Right-click the upper right corner destination cell, and click Paste
.
Select the entire used range and press Ctrl+H again to show the Find and Replace dialog box.
In the Find what field, enter the #
character to reinstate the formulas.
In the Replace with field enter re-enter the =
character.
Hi,
to do so I select in the formula bar, right click, copy, then click annulate (red cross on the left of the fx symbol on the left of the formula bar), paste.

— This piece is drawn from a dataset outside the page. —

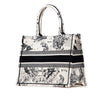 Dior Medium Canvas Embroidered Zodiac Toile De Jouy Book Tote Secondhand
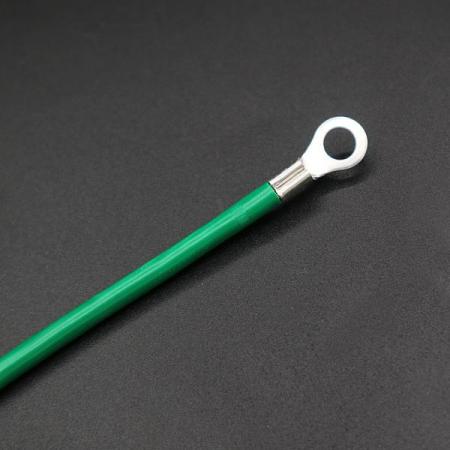 디바이스마트,케이블/전선 > 전기자재/배선자재 > 접지선 > 석연 접지선,,KIV 접지선 4SQ×100L×M5,접지용 KIV 전선 가공품 / 전선 규격 : 4SQ / 길이 : 100mm / 홀 규격 : M5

Nothing you wrote makes sense. Annulate is an adjective to describe a ring form or ring shape, as an earthworm’s ringed pattern on its body. The red cross to the left of the fx symbol is the Cancel button which negates whatever you are doing. Nothing was copied in your comment’s instruction because you clicked the Cancel button, so nothing could be pasted, and even if it was, the point of my example is to show how the values and formulas can be shown together on the screen at the same time in the same range, which could not be the case even if your example worked, which it doesn’t.
Hi Tom,
I think what Jan is describing is to copy the cell’s contents as text, and then pasting in the destination cell. While this will work it will only allow for 1 vell to be copied at a time, unlike your example (very good tip by the way, thanks!) – What Jan mentions is basically the process I use, albeit I’ll use keyboard shortcuts (F2, ctrl+a, ctrl+c, esc, then paste into the destination cell.)
But thanks again, very useful trick 🙂
Thanks, Will. This was so long ago I had to go back and look again at what this was about. It turned out that I never heard back from Jan after my reply in December 2018, so I assume it was resolved, but thank you for clearing up the mystery.